If I remember correctly, it *is* the same thing in the FSF's view.
Maybe a court would disagree. Does run-time linking with a GPL'd
library produce a derived work under copyright law? If a judge says yes,
the GPL sticks. If a judge says no, there is a serious loophole in the
GPL. Until the courts speak, the FSF's intent is that GPL'd dynamic libraries
are infectious; LGPL'd libraries aren't.
If I also remember correctly, a front-end that talks to a GPL'd server
through some interprocess communication mechanism is *not* affected by
the GPL. That could be a way out for him. In fact, he could turn the
tables and isolate the code subject to the Microsoft NDA instead of the
CVS code.

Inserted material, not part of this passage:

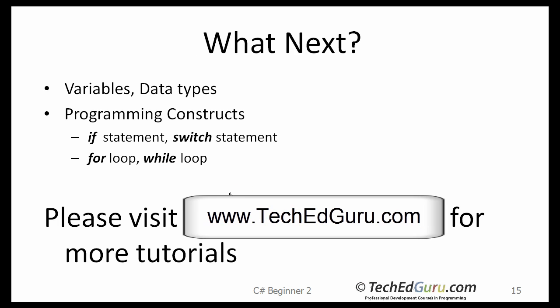So we were able to build a console application and a Windows application. For the next six tutorials, I will be mostly focusing on the console application. We want to mainly focus on the programming constructs, understand the variables, the data types, the if statements, the loops, the arrays, etc. And beyond that, I may have some tutorials which also show you how to build Windows applications. So what's next? We will talk about variables and data types and the assignment statements. That's coming up in the next tutorial. Thank you.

Write a closed back-end for the Microsoft functions, document
the protocol used by the back-end (the protocol is his, not Microsoft's)
and write a GPL application that invokes the back-end as separate process.
Whether this is even possible depends on what the NDA covers. He would have
to be *very* careful here. If it were me, I'd rather be sued by the FSF for
copyright infringement than by Microsoft for nondisclosure violation...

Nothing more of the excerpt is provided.